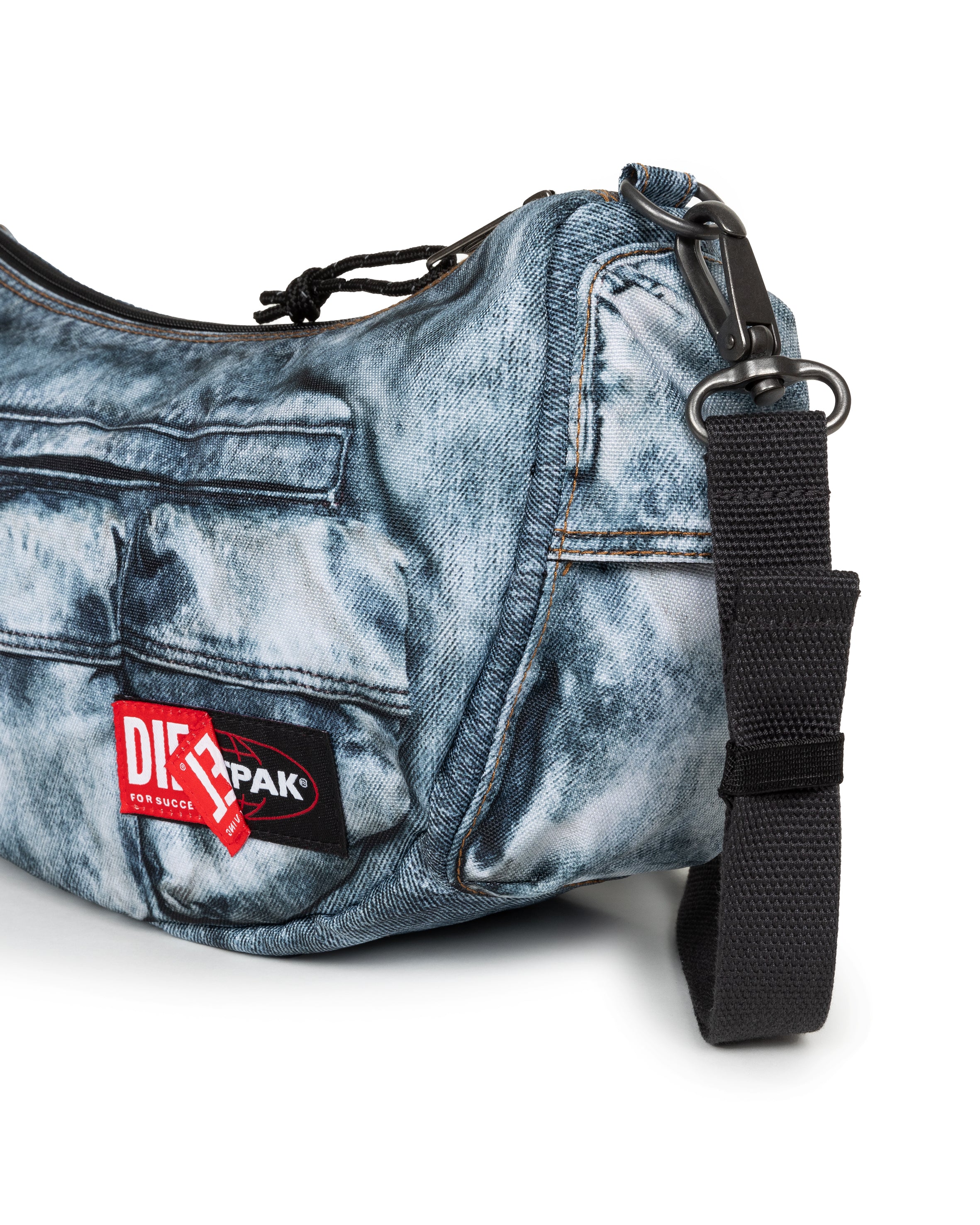 eastpak-diesel-shoulder-bag-bandouli-re-trompe-denim image 4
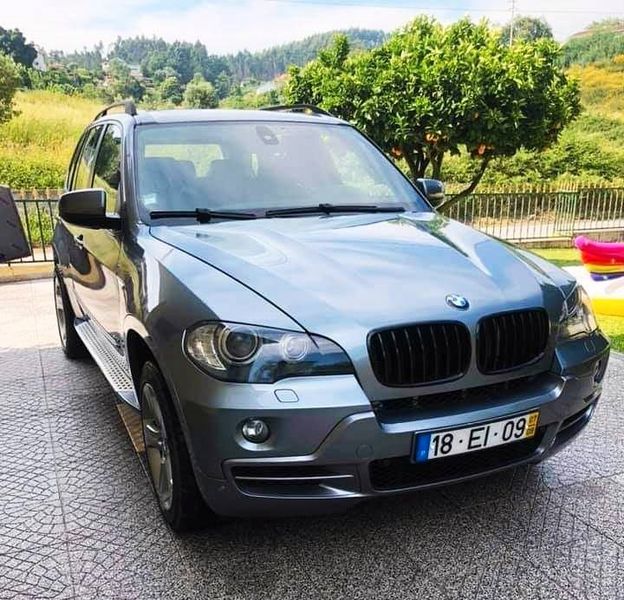 BMW X5 • 2007 • 170,000 km 4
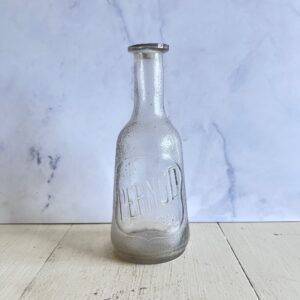 Fransk Pernod-karaffel i presset glas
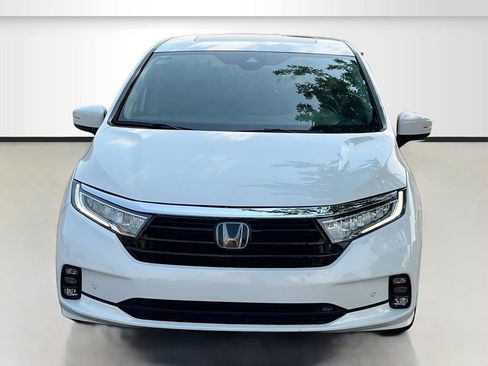 Used 2022 Honda Odyssey Touring image 2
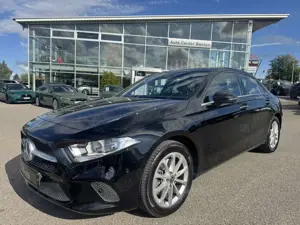 Mercedes-Benz A 250 e/NAVI/KAMERA/LEDER/TOTER WINKEL/VIRTUAL Bild 2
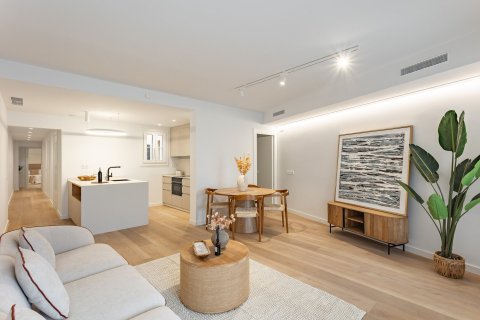3 bedrooms apartment for sale in Barcelona, Catalonia, Spain № 1480 - photo 15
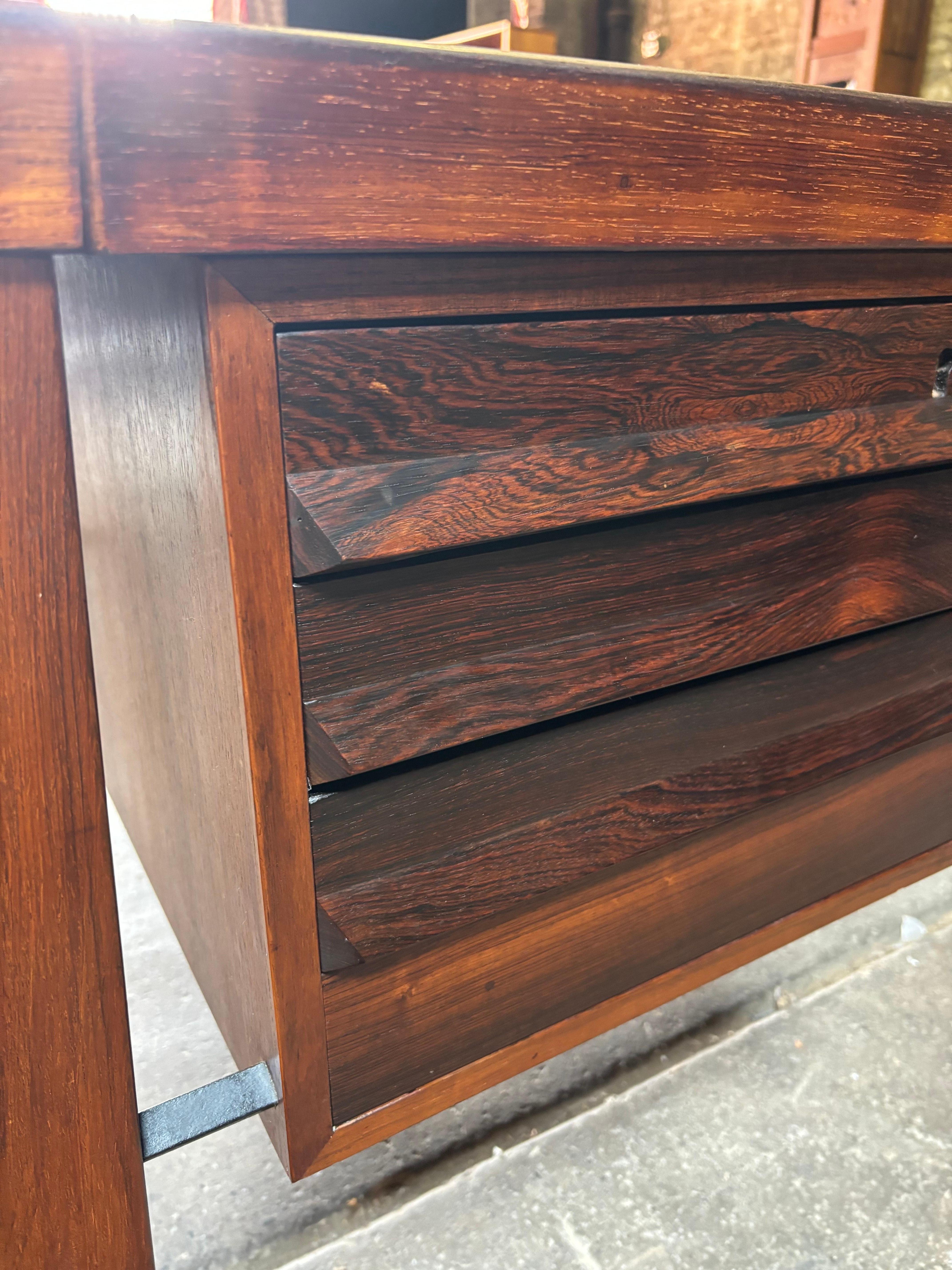 Kai Kristiansen Rosewood Desk Model 70 7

YOUR OBJECTIVE ▸ Begin with the line containing "Used 2022 Honda Odyssey Touring image 2" and end with the last line of the material above; return exactly those lines, both ends included, and omit all pictures.

OUTPUT OF THE EXERCISE ▸
 Used 2022 Honda Odyssey Touring image 2
 Mercedes-Benz A 250 e/NAVI/KAMERA/LEDER/TOTER WINKEL/VIRTUAL Bild 2
3 bedrooms apartment for sale in Barcelona, Catalonia, Spain № 1480 - photo 15
 Kai Kristiansen Rosewood Desk Model 70 7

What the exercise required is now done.